In 1995, while grunge was dying a long and painful death, Vig, one of the men who had helped start the movement, along with several other studio musicians and the dynamic Shirley Manson, formed Garbage. Garbage injected some life into the struggling genre, utilizing Vig's slick production skills and scoring with hits such as "Only Happy when it Rains." However, from their newest release, "Bleed Like Me," it appears that Garbage, following in the same pattern as the grunge movement before them, is running out of steam.

Vig's production, which was a landmark on Nirvana's album, sounds tired here.

On many tracks the multi-layered guitars overwhelm Manson's vocals. The guitars, aiming for big power-chord hooks, sound cold and emotionless. The production has become too slick, sliding through one ear and out the other. You can listen to several songs and not even catch where one ends and the next picks up.

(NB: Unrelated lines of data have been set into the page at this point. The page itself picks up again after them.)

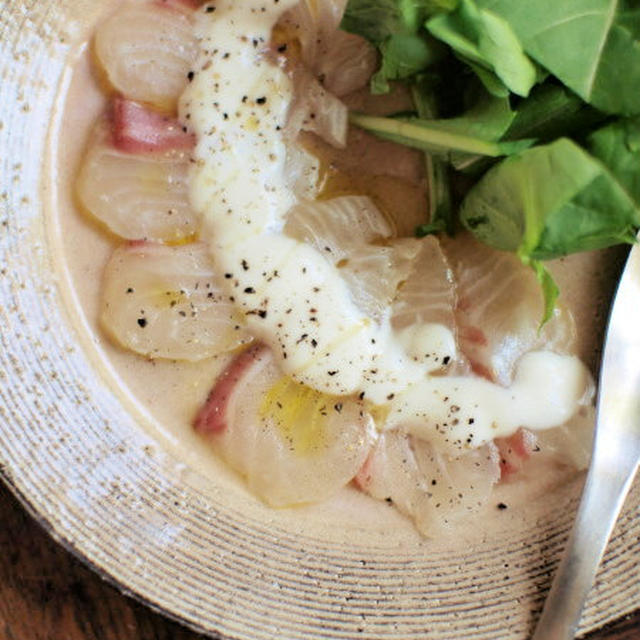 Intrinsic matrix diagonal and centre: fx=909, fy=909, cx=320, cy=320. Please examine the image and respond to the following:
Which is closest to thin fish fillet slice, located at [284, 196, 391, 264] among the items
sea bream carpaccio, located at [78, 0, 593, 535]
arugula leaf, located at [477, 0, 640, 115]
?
sea bream carpaccio, located at [78, 0, 593, 535]

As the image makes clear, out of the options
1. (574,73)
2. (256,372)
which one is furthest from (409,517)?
(574,73)

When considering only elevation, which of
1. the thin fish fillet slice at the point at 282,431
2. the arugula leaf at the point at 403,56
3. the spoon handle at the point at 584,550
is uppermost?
the arugula leaf at the point at 403,56

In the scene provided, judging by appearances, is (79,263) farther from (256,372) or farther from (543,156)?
(543,156)

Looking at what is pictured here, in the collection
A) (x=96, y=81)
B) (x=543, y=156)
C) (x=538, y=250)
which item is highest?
(x=96, y=81)

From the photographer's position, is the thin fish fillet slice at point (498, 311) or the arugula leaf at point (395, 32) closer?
the arugula leaf at point (395, 32)

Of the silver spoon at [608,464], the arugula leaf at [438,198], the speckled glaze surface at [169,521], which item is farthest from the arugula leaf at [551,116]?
A: the speckled glaze surface at [169,521]

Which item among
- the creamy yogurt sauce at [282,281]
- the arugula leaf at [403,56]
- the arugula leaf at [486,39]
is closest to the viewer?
the arugula leaf at [486,39]

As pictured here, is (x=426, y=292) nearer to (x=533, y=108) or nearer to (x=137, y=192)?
(x=533, y=108)

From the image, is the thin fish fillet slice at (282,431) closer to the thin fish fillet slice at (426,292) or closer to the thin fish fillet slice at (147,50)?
the thin fish fillet slice at (426,292)
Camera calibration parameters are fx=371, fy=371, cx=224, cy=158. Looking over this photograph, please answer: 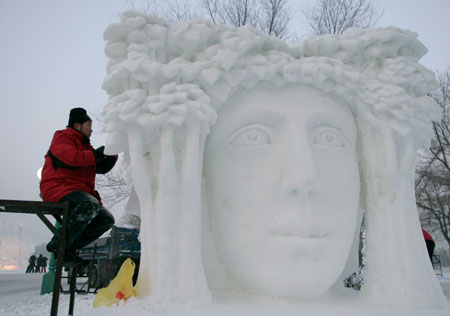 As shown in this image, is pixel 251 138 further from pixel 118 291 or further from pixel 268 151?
pixel 118 291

The title track is a good representation of the album as a whole. Owing more than a little to Lou Reed's "Walk on the Wild Side," Manson tells the disturbing stories of several troubled women. Lines like "Doodle takes Dad's scissors to her skin / And when she does relief comes setting in" are delivered with a feeling of detachment that carries through most of the album. Though Manson is singing about abusive relationships and desperation, a lot of the time we are left with a resounding feeling of "so what?"

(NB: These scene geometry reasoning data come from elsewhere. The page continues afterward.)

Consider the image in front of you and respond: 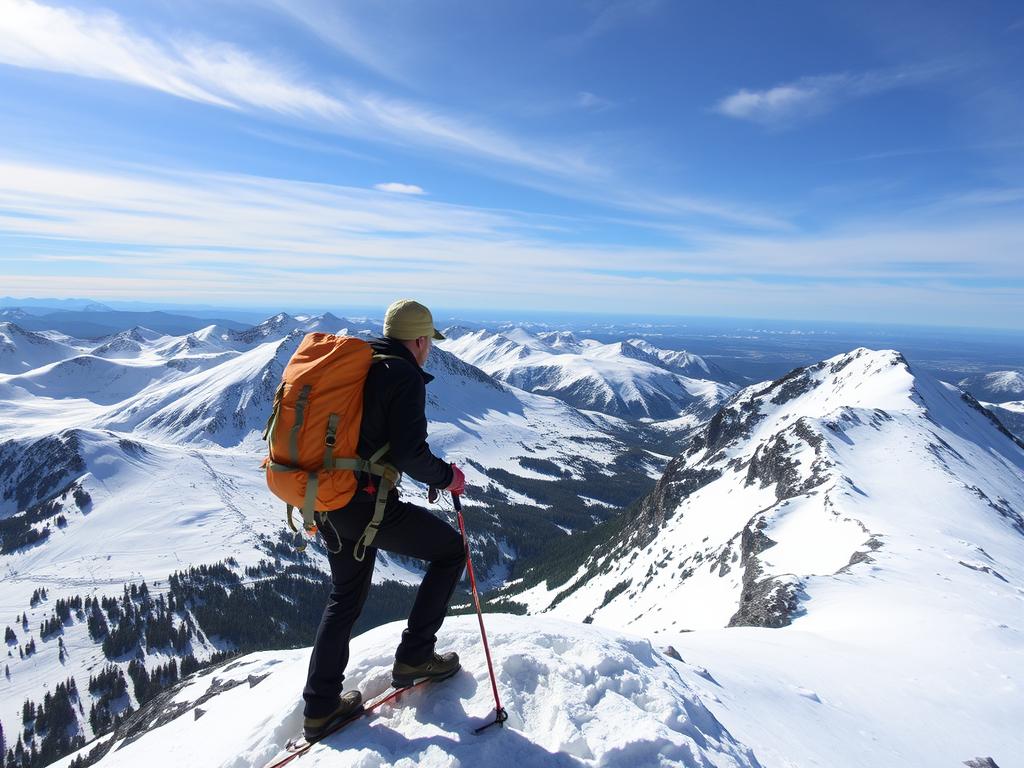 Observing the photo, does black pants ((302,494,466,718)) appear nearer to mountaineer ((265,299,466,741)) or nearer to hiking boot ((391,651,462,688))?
mountaineer ((265,299,466,741))

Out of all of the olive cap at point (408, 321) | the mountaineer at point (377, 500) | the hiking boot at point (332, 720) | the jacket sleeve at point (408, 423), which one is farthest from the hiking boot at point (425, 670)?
the olive cap at point (408, 321)

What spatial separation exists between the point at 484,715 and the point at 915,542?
50.6 metres

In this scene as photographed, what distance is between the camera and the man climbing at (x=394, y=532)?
642 centimetres

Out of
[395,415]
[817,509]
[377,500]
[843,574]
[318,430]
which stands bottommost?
[817,509]

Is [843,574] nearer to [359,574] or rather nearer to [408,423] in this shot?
[359,574]

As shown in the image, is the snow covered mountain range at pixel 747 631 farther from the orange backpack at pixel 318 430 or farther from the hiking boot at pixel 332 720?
the orange backpack at pixel 318 430

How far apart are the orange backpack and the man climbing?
216 millimetres

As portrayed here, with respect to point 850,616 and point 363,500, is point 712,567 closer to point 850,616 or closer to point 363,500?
point 850,616

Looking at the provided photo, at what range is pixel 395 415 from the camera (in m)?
6.42

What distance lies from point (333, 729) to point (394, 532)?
3.05 m

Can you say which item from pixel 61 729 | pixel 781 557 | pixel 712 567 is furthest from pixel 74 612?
pixel 781 557

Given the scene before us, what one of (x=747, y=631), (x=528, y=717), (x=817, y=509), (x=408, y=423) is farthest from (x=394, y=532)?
(x=817, y=509)

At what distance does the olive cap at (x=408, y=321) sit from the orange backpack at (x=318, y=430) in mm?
819

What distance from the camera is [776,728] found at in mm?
11180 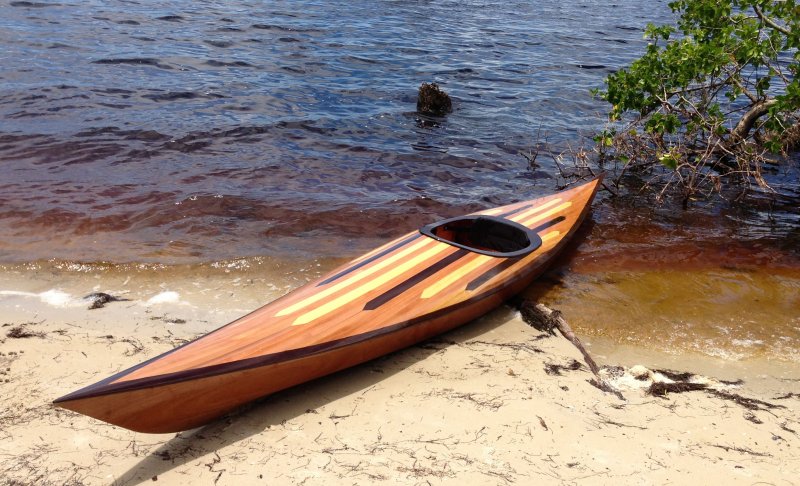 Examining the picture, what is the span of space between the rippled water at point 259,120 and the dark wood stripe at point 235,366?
2066 mm

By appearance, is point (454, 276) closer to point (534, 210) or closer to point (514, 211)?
point (514, 211)

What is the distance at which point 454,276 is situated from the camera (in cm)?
436

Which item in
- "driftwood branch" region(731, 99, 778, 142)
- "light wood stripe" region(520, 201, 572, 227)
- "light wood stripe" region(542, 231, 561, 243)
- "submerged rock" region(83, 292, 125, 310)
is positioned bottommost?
"submerged rock" region(83, 292, 125, 310)

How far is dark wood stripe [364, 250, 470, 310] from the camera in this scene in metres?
3.96

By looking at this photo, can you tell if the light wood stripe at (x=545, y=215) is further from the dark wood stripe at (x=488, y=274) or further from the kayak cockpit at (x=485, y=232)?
the dark wood stripe at (x=488, y=274)

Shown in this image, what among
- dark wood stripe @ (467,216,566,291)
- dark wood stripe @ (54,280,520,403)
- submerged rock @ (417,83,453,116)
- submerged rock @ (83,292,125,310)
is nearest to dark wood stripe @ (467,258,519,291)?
dark wood stripe @ (467,216,566,291)

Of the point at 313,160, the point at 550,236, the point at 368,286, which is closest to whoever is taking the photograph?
the point at 368,286

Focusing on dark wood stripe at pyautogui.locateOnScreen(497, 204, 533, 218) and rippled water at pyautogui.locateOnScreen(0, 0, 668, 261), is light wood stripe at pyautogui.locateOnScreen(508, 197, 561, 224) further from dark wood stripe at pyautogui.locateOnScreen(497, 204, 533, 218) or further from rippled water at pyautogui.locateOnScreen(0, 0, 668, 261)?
rippled water at pyautogui.locateOnScreen(0, 0, 668, 261)

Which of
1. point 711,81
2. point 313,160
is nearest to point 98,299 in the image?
point 313,160

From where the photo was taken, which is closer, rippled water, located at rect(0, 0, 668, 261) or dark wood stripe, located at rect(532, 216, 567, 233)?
dark wood stripe, located at rect(532, 216, 567, 233)

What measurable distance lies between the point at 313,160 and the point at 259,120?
57.1 inches

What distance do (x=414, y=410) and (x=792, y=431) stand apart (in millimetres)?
1940

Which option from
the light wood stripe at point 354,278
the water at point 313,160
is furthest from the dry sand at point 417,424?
the water at point 313,160

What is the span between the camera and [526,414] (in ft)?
11.3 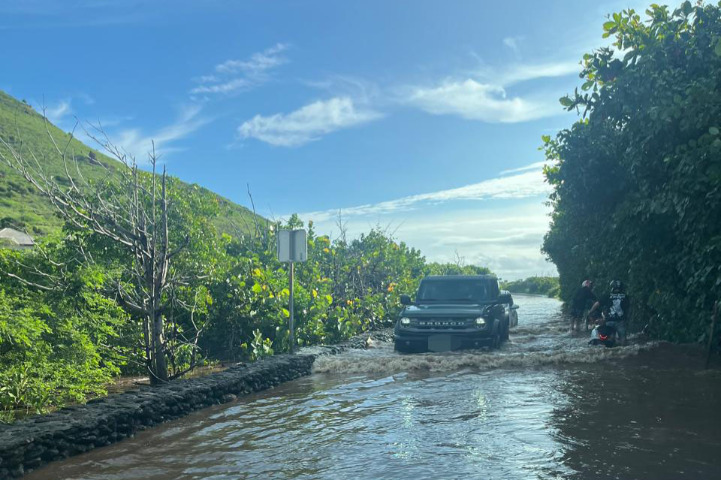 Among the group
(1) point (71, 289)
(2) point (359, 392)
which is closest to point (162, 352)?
(1) point (71, 289)

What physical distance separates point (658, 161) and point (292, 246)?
7797 millimetres

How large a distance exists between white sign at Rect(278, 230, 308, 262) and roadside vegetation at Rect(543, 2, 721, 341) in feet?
19.5

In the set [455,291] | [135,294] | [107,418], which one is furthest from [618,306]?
[107,418]

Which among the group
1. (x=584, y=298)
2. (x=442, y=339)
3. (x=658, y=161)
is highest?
(x=658, y=161)

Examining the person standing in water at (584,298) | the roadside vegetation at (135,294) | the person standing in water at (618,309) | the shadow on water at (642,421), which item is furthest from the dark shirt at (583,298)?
the roadside vegetation at (135,294)

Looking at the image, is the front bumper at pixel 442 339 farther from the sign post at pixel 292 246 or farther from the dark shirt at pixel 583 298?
the dark shirt at pixel 583 298

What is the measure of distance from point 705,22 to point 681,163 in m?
4.20

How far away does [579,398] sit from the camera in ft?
29.9

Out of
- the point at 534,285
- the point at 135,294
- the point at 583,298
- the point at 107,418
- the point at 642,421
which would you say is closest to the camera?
the point at 107,418

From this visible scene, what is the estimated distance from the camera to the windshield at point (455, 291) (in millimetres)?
16000

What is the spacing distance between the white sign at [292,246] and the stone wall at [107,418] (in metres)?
3.59

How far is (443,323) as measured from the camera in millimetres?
14297

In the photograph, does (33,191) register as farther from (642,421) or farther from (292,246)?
(642,421)

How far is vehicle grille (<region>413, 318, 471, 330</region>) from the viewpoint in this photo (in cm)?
1421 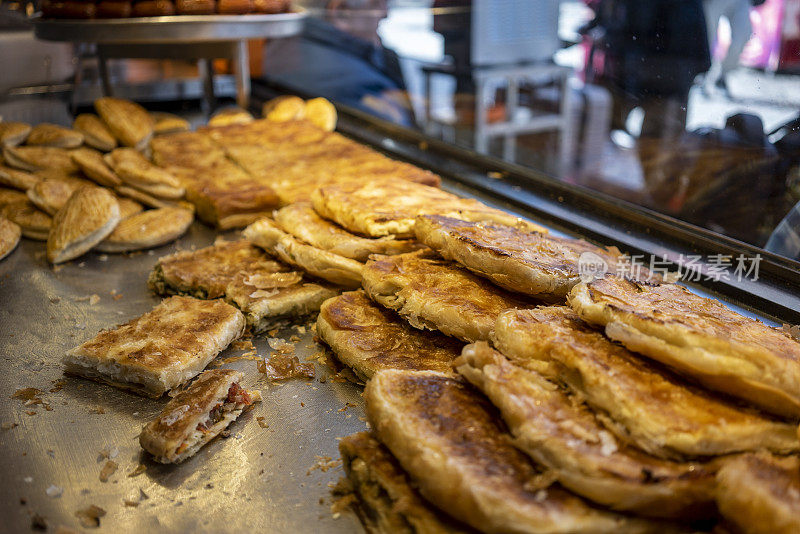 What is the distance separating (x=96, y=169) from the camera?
11.0 ft

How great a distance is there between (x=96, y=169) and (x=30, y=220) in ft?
1.43

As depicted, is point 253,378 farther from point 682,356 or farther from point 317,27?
point 317,27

Garbage sounds like they are going through the motions on this record. They are trying to emulate their mid-'90s glory. Rumors of band tension could explain the uninspired riffs and general lack of emotion on the record; Vig was briefly replaced with Nirvana drummer and Foo Fighters front-man Dave Grohl. Intra-band strife may have helped Fleetwood Mac and The Beatles, but Garbage sounds like a collection of individual musicians, not a band.

There are bright spots on the album; unfortunately, they are the first two songs. The record kicks off with "Bad Boyfriend," which features Grohl on drums. The song is about Manson's desire for a boyfriend, whom she says she can keep "on ice to show all my friends." It is one of the few moments on the album where the production works.

The second and best song on the album is "Run Baby Run." What sets this song apart from the rest of the album is the sense of rhythm. While the album as a whole comes off as too stiff, here Manson's voice lilts over the power chords, while horns can be heard deep in the mix. It also follows the quiet verse, loud chorus dynamic popularized by - who else? - Nirvana. Yet it is one of the only songs on the album that has its own personality, and is also the closest the record ever gets to pop.

"Bleed Like Me" is not a bad record; it simply doesn't stand out. The band seems complacent about sounding completely average. Fourteen years after the birth of grunge, Garbage's latest release should make it obvious that the genre, along with most of modern rock, is just as tired as '80s metal was.

There are moments on "Bleed Like Me" where you can sense that the band they were 10 years ago still exists in some capacity, but it's just not enough to sustain a whole album. It is an album that at best has fleeting moments of promise and at worst is content with boredom.